Transformers: Revenge of the Fallen
Directed by Michael Bay
A couple decades of human history down the road and this will be looked back on as "classic Bay." Whatever that might mean is a debate for another time.
The Really Bad
There's no denying Transformers: Revenge of the Fallen has problems, most of them the exact same problems that bedeviled the first movie, released a scant two years ago.
For some reason, it's in vogue to load up PG-13 action comedies with loads of genitalia references and sex jokes. They're hardly ever funny. Was the humping dogs joke really funny to the writers? Two of them, Roberto Orci and Alex Kurtzman, wrote the first Transformers as well as this summer's Star Trek. A third, Ehren Kruger, came on board after non-classics like Blood and Chocolate. How about the Decepticon humping Megan Fox's leg? Funny? Really?
There are also some massive gaps in logic. For example, how can a large portion of Shanghai be destroyed by a wild chase between Autobots and Decepticons and not get any serious media coverage? It's relegated to YouTube knock-off sites with debates raging over the authenticity of the citizen-journalists' footage. Could somebody from Xinhua maybe take a photo of the aftermath? Please?
But that plot point goes to serve the movie's primary conceit: Amid all the monstrous mayhem pounded out by the Decepticons, the Autobots have formed an alliance with the U.S. military to weed out the badbots which have, somehow, been living anonymously among the human populace.
And another question: How is it a sliver of the cube from the first flick, stuck in Sam Witwicky's clothes, can burn through the entire upstairs floor, only to be stopped by the kitchen table, where its electric charge enlivens a bunch of countertop appliances like a pack of Gremlins at 12:01 in the morning?
Yeah, the movie has problems.
But it also has some really good, fun stuff. This is a big, noisy, brash summer blockbuster and it is entirely unashamed of those aspirations. It's all over the map in terms of time, space, geography, political conservatism and liberal humor.
Yes, Megan is a fox
One of the cool new Decepticons in Revenge of the Fallen
Photos: Dreamworks/Paramount Pictures
This unwieldy, 150-minute gargantuan works best when it gets down to the loopy action and puts the toilet humor behind. After muddling through a meandering first half that tries to develop a long-distance romance between Mikaela (Fox) and Sam (Shia LaBeouf) after he heads off to college, the story becomes more involving as the meat of the story, such as it is, presents itself:
There's a bigger baddie than Megatron named The Fallen; he's the first Decepticon and he wants to destroy Earth because he can't stand humans. That hatred's the reason for his fall from grace back around 17,000 B.C.

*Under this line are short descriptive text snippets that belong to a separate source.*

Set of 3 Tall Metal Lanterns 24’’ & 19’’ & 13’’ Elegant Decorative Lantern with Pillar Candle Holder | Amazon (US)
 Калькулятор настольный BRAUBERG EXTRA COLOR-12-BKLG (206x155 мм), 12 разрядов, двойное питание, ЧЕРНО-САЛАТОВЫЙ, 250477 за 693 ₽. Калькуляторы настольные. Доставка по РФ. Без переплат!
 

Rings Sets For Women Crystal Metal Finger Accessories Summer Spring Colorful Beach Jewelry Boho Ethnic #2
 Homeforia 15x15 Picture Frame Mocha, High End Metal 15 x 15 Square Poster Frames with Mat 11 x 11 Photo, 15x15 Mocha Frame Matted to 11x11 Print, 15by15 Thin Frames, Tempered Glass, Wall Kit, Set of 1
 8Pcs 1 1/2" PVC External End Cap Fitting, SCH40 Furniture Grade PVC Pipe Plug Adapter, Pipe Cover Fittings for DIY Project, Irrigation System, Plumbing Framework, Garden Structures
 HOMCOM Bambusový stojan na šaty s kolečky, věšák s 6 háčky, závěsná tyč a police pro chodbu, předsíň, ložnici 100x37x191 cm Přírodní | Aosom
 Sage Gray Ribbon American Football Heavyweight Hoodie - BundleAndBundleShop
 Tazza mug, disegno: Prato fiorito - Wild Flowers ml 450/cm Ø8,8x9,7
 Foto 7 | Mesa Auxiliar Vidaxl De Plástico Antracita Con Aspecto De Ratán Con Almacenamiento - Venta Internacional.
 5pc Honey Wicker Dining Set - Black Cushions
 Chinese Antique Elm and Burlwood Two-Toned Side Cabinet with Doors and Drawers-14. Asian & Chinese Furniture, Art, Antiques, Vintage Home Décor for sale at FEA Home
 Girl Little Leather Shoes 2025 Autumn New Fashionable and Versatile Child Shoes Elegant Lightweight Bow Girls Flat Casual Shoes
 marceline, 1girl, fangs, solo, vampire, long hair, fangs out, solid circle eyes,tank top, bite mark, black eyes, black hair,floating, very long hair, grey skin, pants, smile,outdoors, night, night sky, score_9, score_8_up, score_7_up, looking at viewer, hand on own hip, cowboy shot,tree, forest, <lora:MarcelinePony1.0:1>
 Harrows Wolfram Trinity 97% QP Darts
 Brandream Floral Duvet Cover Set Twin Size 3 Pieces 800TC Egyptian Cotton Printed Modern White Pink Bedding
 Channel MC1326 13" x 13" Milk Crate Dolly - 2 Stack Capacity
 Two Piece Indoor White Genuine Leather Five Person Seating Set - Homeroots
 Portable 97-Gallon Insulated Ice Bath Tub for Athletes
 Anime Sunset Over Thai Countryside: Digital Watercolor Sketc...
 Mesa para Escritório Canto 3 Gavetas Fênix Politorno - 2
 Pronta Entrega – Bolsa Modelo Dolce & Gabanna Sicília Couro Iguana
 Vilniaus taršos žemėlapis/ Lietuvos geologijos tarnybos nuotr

This back story leads to a pretty nifty storyline involving ancient Egypt and the Pyramids of Giza, with a nod to The Orion Mystery. The puzzle here isn't complicated enough to require the skills of a Robert Langdon. No. Sam Witwicky's brain will do – and that's precisely what The Fallen wants in his nefarious plot to destroy the planet. Sam, by some astonishing osmosis, has absorbed all the knowledge of the cube.
The Matrix of Leadership
Transformers: Revenge of the Fallen also manages something of a coup: It's quite possibly the first major movie to make reference to President Obama's administration. And it's not entirely positive. There's a little jibber-jabber about the use of diplomacy to reason with the Decepticons (and, quite possibly, to simply give them what they want: Sam's brain).
It can't be forgotten this is "simply" a Michael Bay movie, but there is the tantalizing thought that maybe, just maybe, amid the salacious humor and ear-splitting hard rock there's really something more thematically subversive – and relevant – going on here.
One of the thematic weaknesses of the first movie was its failure to capitalize on the whole technology/weaponry/civilization angle. This time around it's at least touched on a wee bit when it's revealed the U.S. alliance with the Autobots extends only to sharing intel and not weaponry. Optimus Prime warns the president's messenger humans simply can't handle the weaponry, they'd destroy themselves.
That's one thread in this misshapen fabric that does make sense. And the ominous question from Optimus Prime challenges a request for the Autobots to leave and take their war with the Decepticons with them.
What, O.P. asks, if the Autobots leave and U.S. intelligence is wrong? What if the Decepticons want something else from Earth besides the destruction of the Autobots?
There's plenty of juicy subtext that could be mined in some of the ideas bandied around in the two Transformers movies. It's a shame, though, that shock-value jokes like John Turturro dropping his pants and Sam's mom getting strung out on pot cookies weigh more heavily on the scribes' minds.